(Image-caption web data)
□ □ □ □ □ □ □

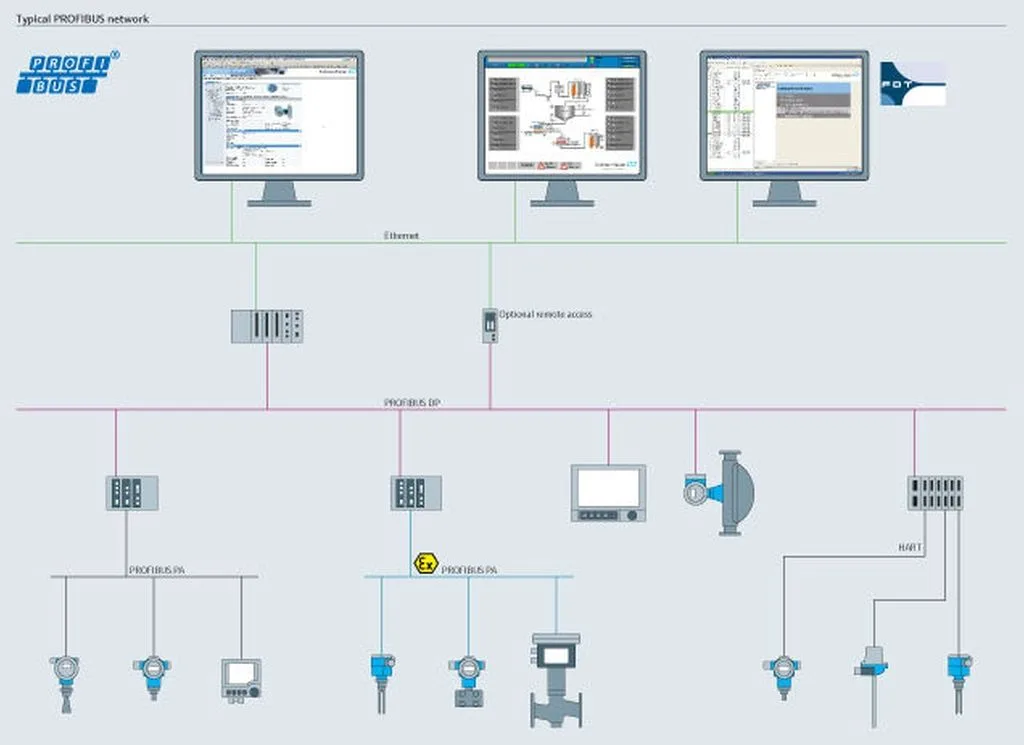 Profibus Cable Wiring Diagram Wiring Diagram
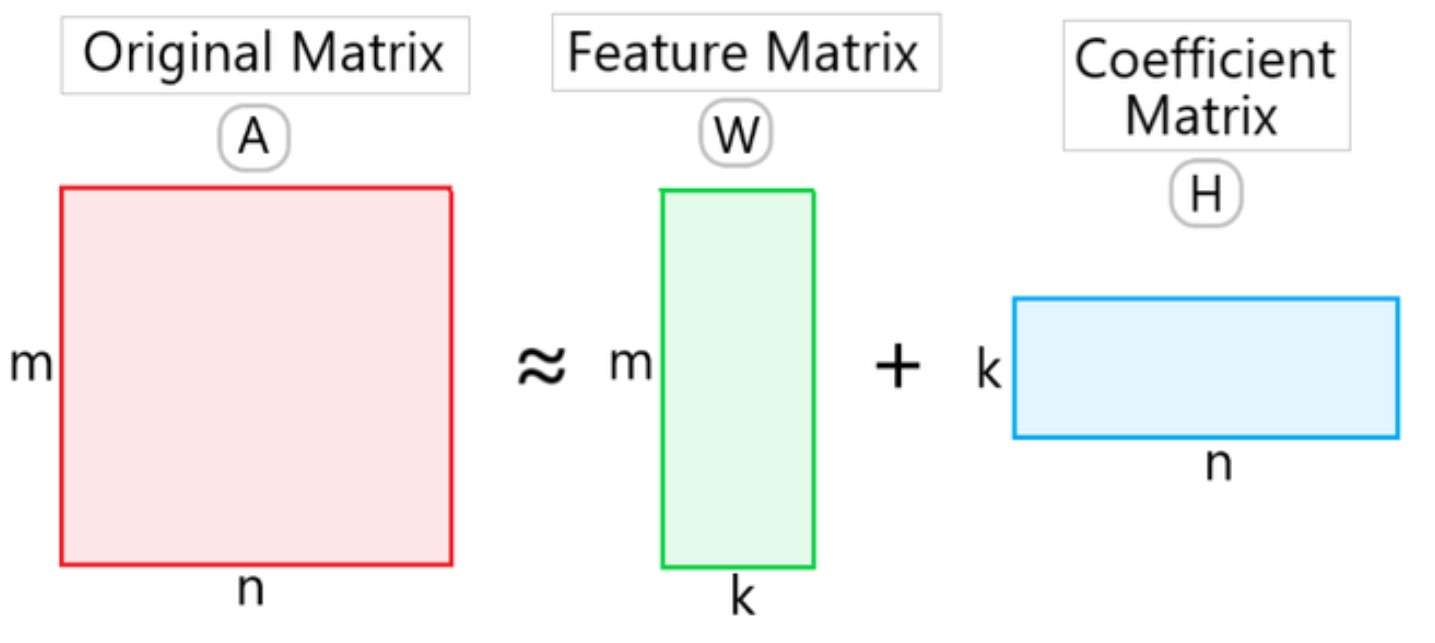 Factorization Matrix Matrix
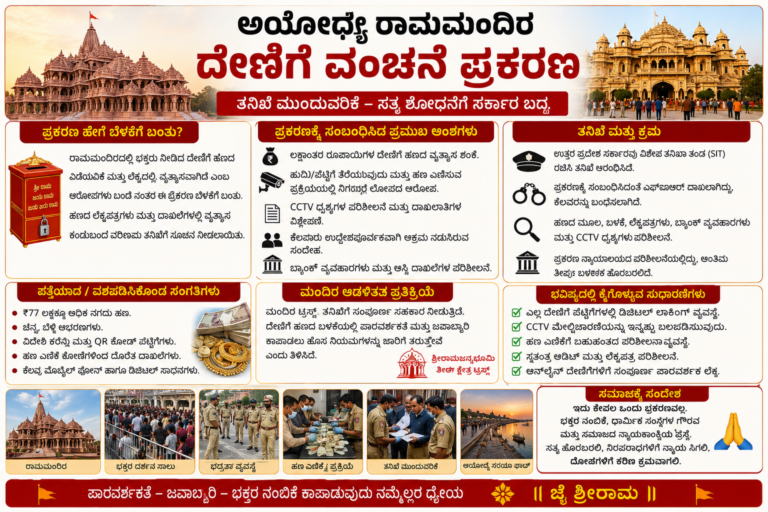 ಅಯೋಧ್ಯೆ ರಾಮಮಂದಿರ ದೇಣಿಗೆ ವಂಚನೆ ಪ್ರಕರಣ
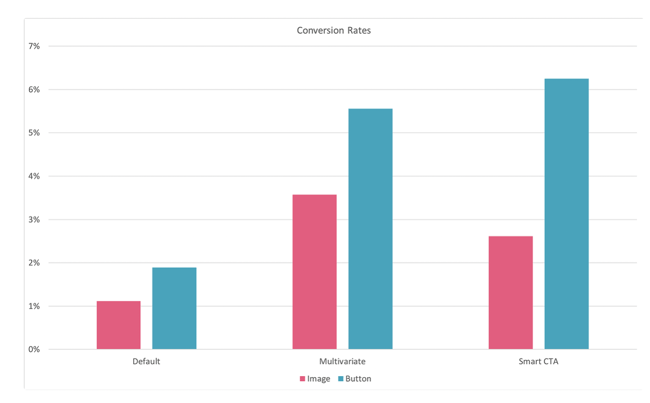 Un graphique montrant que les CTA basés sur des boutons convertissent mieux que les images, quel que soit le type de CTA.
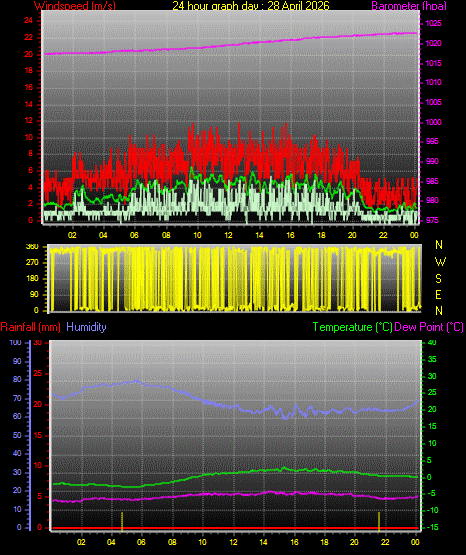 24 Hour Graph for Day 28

□ □ □ □ □ □ □

[YOUR OBJECTIVE]:
Would you return the records exactly, keeping out every picture?

[SOLUTION BELOW]:
 Profibus Cable Wiring Diagram Wiring Diagram
 Factorization Matrix Matrix
 ಅಯೋಧ್ಯೆ ರಾಮಮಂದಿರ ದೇಣಿಗೆ ವಂಚನೆ ಪ್ರಕರಣ
 Un graphique montrant que les CTA basés sur des boutons convertissent mieux que les images, quel que soit le type de CTA.
 24 Hour Graph for Day 28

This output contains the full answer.